§ **Exercise details**
The lines in the listing below are to be given again exactly, starting at the line holding "Crianças cumprimentam Trump em Pequim Crianças" and ending at the line holding "Abrigo con capucha image number 5". Do not include pictures.

§ **The data**
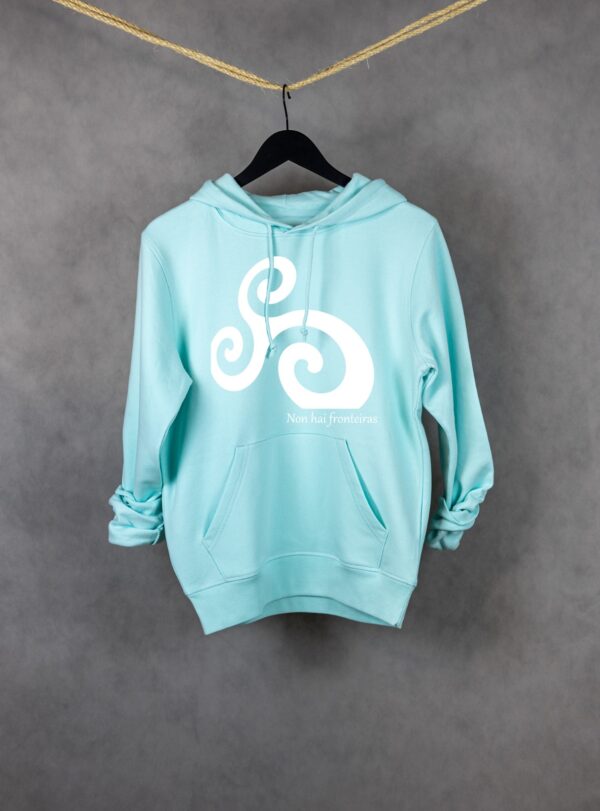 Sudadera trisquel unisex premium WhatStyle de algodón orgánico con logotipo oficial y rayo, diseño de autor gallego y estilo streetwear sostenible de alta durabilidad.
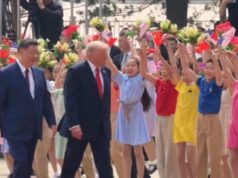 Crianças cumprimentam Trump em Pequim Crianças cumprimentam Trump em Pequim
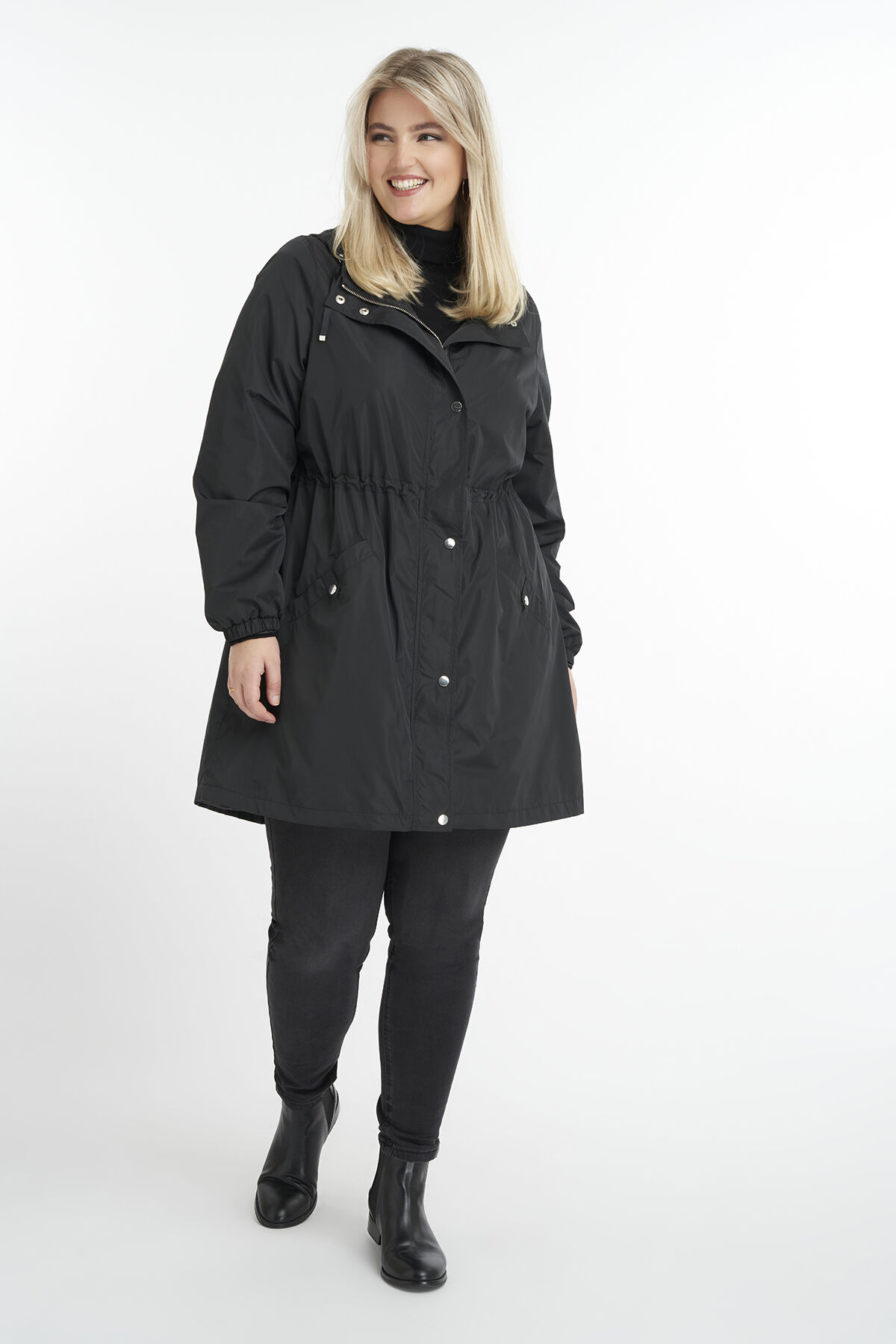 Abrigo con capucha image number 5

...

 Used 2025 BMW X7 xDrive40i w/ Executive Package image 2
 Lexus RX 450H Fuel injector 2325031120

§ **Answer box**
 Crianças cumprimentam Trump em Pequim Crianças cumprimentam Trump em Pequim
 Abrigo con capucha image number 5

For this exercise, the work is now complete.